Certains films sont des morceaux d’Histoire, et parfois ils s’invitent dans des festivals. C’est précisément ce qui est arrive avec Coups de feu dans la plaine des jarres (Siengpeun Chank Thonghai), film historique relatant les événements de la révolution lao, présenté au FICA de Vesoul.
Come together
Sa présence au festival est déjà en soit un petit miracle. D’une part car il s’agit de la dernière copie au monde (retrouvée au Laos et projetée ici dans une copie vidéo certes dégradée mais suffisante pour témoigner de son existance) et d’autre part car aucune projection publique du film n’avait eu lieu depuis bientôt 30 ans. Cerise sur le gâteau, le film se voit finalement présenté par Somchit Phonsena, co-réalisateur du film avec Pham Ky Nam, retrouvé seulement deux semaines auparavant alors qu’il menait une vie discrète en France.
Produit pour les dix ans de la révolution lao par le ministère de l’information national en collaboration avec celui du Vietnam, Coups de feu dans la plaine des jarres est le premier film de fiction lao réalisé depuis 1975. Hélas, cela ne marquera pas un nouveau départ pour l’industrie qui ne produira qu’un seul autre métrage lors de la décennie 80 avec Le Lotus rouge (également présenté à Vesoul cette année). Afin de célébrer l’événement, les grands moyens sont employés : véritables costumes d’époque, renforts militaires pour donner au film un sentiment d’authenticité et un tournage étalé sur trois ans dans la région de Xieng Khouang. Hélas, le film fait aussi état d’un faible structure cinématographique au Laos à l’époque. Aidé par le Vietnam qui prêtera des ateliers de montage et leur permettra de commander de la pellicule en Allemagne de l’Est, le film ne peut dissimuler l’absence de techniciens et acteurs expérimentés dans le pays durant cette période.
You say you want a revolution, well you know
Adapté du livre Kong Pham Thi Song (Deuxième bataillon) de Souvanthonc, le film évoque les événements de la révolution, particulièrement les pourparlers qui mèneront à l’organisation des camps qui s’opposeront: le Pathet Lao (parti révolutionnaire populaire lao) et l’armée royaliste. La structure narrative prend la forme d’une intrigue fragmentée, se focalisant tour à tour sur de multiples personnages dépeints de manière assez caricaturale. Heureusement pour les vraies personnalités, les noms ont été changés. Le personnage du commandant Konlakan, œuvrant pour les royalistes, est le parfait exemple du manque de nuance qui caractérise les personnages : rustre, alcoolique et irresponsable.
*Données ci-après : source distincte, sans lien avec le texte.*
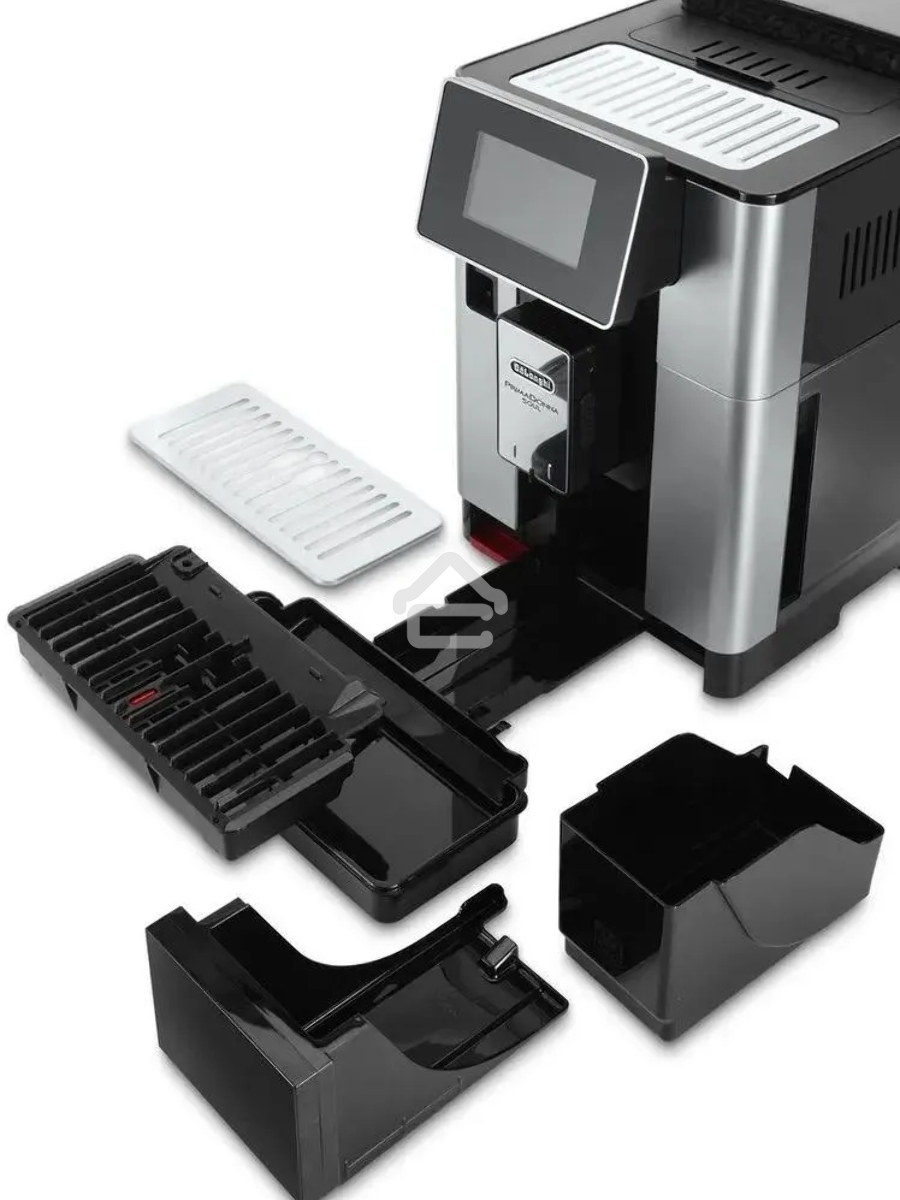 Кофемашина автоматическая DeLonghi ECAM610.55.SB черный/серебристый, исп. кофе - молотый/зерновой, 2.2 л, 1450 Вт, 19 Бар
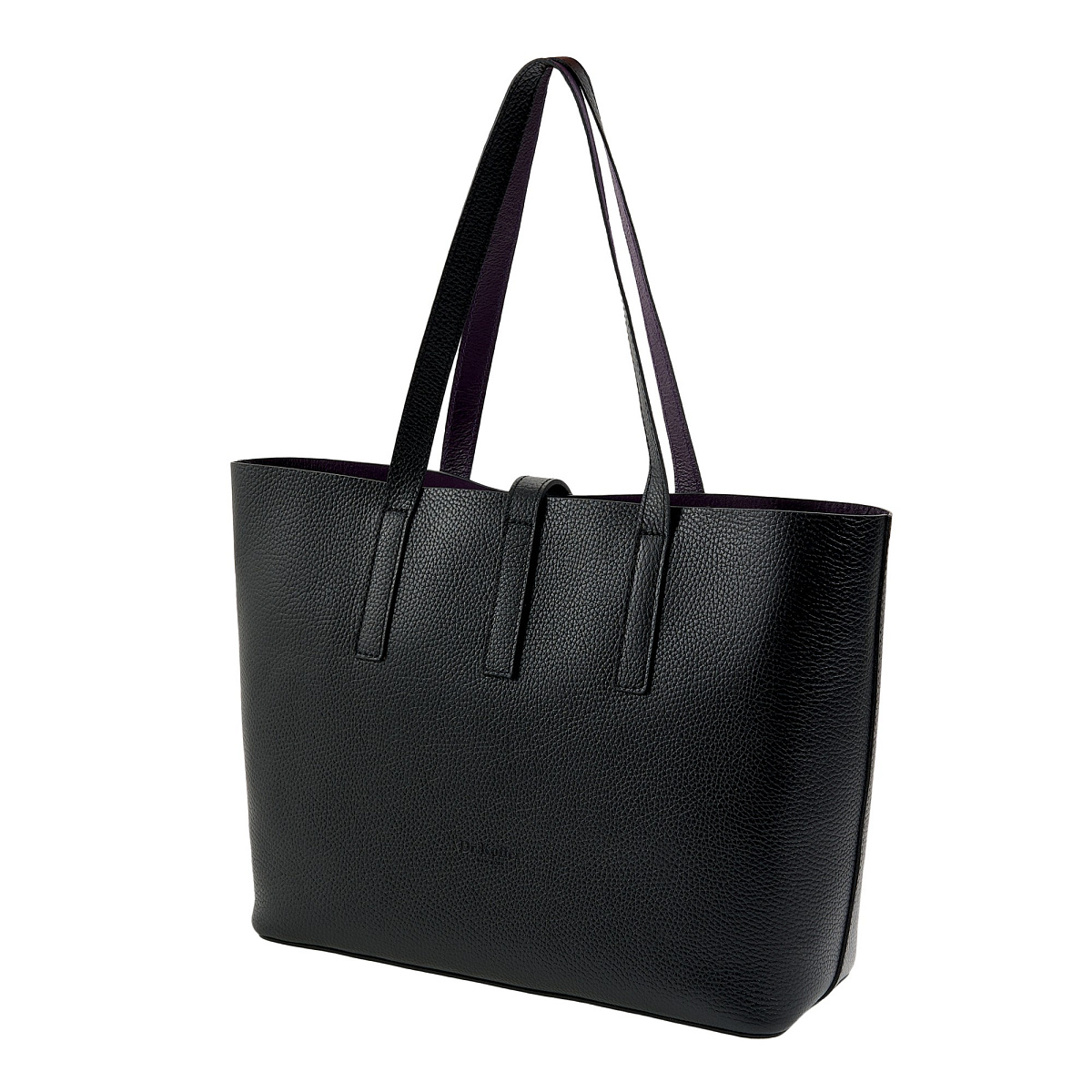 Женская сумка Dr. Koffer из натуральной кожи черная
Le nœud du film repose sur son statut. Film de propagande ? Film éducatif ? Il est en tout cas difficile de nier que l’oeuvre semble prendre un point de vue unilatéral en faveur du Pathet Lao.
Anel Dragic
Coups de feu dans la plaine des jarres (Siengpeun Chank Thonghai) de Somchit Phonsena et Pham Ky Nam. Présenté au FICA de Vesoul 2015.